My grandmother lived to be nearly a hundred years old. When she was born, Theodore Roosevelt was our President—our 26th. Teddy Roosevelt was born October, 26th 1858. My Grandmother—my flesh and blood, experienced in her childhood a President who experienced Abraham Lincoln’s Presidency in his childhood.
And when I think of it that way, knowing how very real my Grandmother was, it seems a hundred years or a hundred and fifty years just isn’t much time. When I think, in ten years, I’ll have lived a third of the distance in time from now to the mid 1800’s— it seems like even less time.

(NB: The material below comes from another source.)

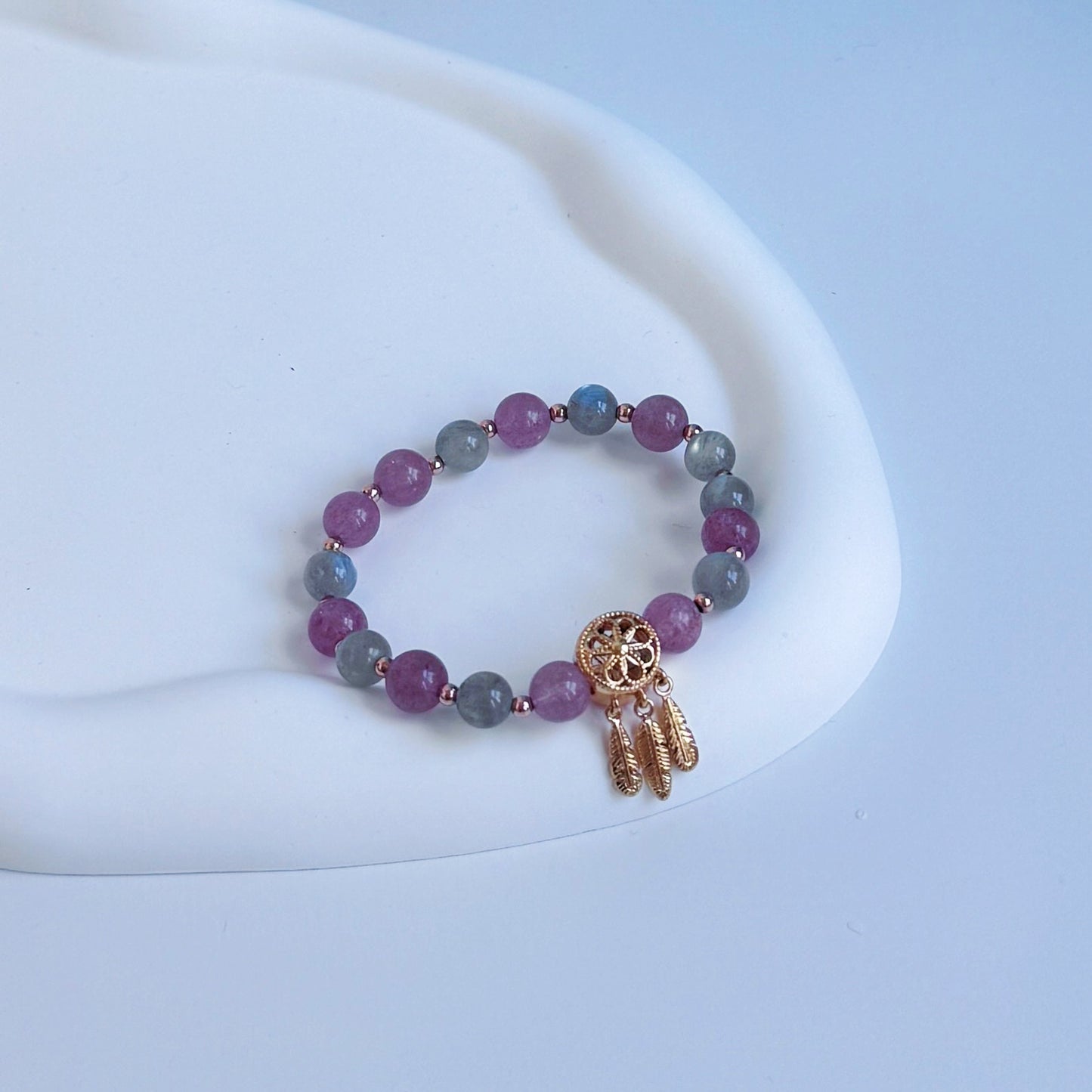 A cute bracelet with strawberry quartz and moonstone beads, golden accents, ideal for a gift for girlfriend, gift for sister, gift for daughter, gift for wife, or gift for friend.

And now I think of Lincoln, our 16th President and Barrack Obama, our 44th, and what changes have occurred in that short span, and it strikes me as even more remarkable in light of my Grandmother, who’s President saw it all begin.

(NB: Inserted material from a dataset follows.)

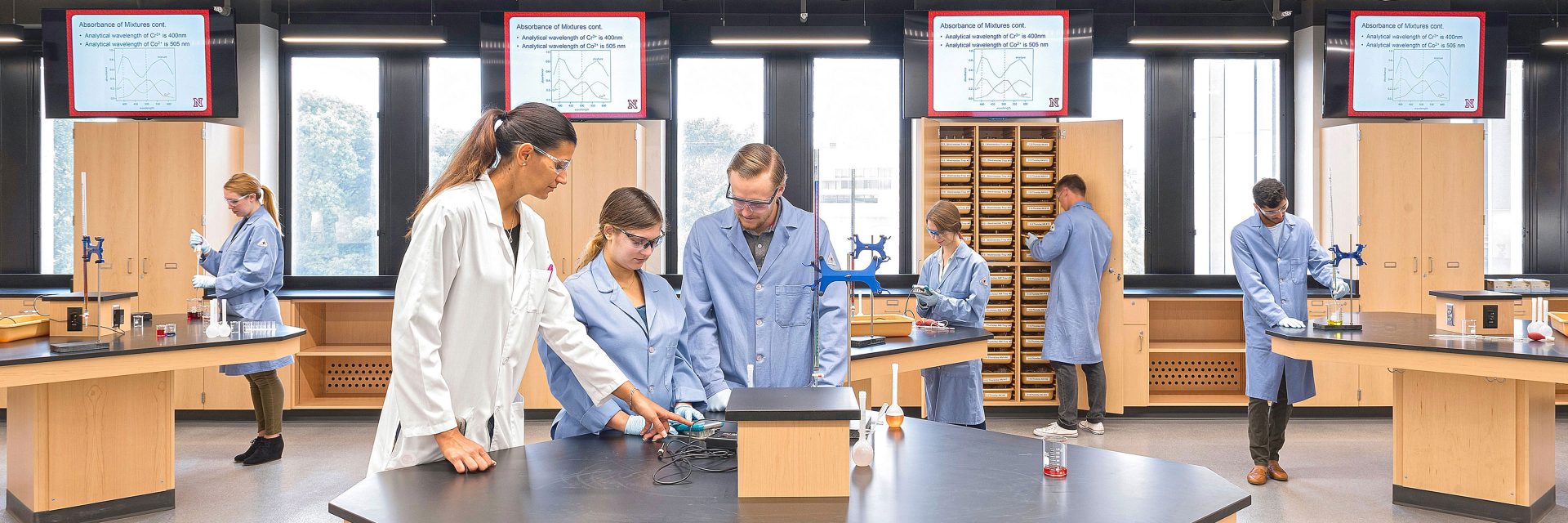 Chemistry professor demonstrating use of equipment to two students in a modern teaching laboratory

Here are only a few stepping stones of this historic ascension... or perhaps, redemption?
• 1862, September 22nd: Abraham Lincoln issued the Emancipation Proclamation ordering the freedom of all slaves in the Confederate States.
• 1865, December 6th: The Thirteenth Ammendment, banning slavery was passed into law
• 1866, The Civil Rights Act, extending the rights of blacks was vetoed by Andrew Johnson, then overturned by Congress to extend the rights of black Americans. The act clarified that black Americans were legal citizens of the United States (though blacks were clearly not afforded the same rights as anglo Americans).
• 1868, July 9th: The Fourteenth Amendment was ratified, overruling Dred Scott v. Sandford which held that slaves and their descendants could not posses Constitutional rights; the Amendment expanded on previous reconstruction legislation providing a broader definition of citizenship as it applied to black Americans. Its equal protection clause required each state to provide equal protection for all citizens under the law and was a critical foundation for desegregation and the landmark case Brown vs. The Board of Education.
• 1870, February 3rd: The Fifteenth Amendment was ratified, ordering that no government in the United States shall prohibit a citizen from voting based on their race.
• 1957 Civil Rights Act establishes the Civil Rights Commission.
• 1960 Civil Rights Act allowed for Federal oversight of voter registration polls and created penalties for obstructing any citizen from voting. It was a futher measure to stop the rampant thwarting of blacks from registering and voting which had gone on since Reconstruction.
• 1964 Civil Rights Act was signed into law by Lindon B. Johnson. The sweeping legislation outlawing racial segregation, ending the southern Jim Crow laws. The legislation also implemented the Equal Employment Opportunity Commission.
• 1968 Lyndon B. Johson signs the Fair Housing Act which protected blacks and other minority groups in their acquisition of housing. It identifed the practice of ‘redlining’ by mortgage banks and made illegal the common practice of purchase contracts that precluded buyers from subsequently selling their home to a black person.
• 1991 Civil Rights Act expanded the rights of empoyees suing employers for descrimination.
• 2008, Barack Obama elected President.
Regardless of the inequalities that remain, the precedence of this election establishes that no minority will ever again be prevented from the highest ascention of power or social esteem; the road for minorities may not be equal, but now, it is undeniably possible.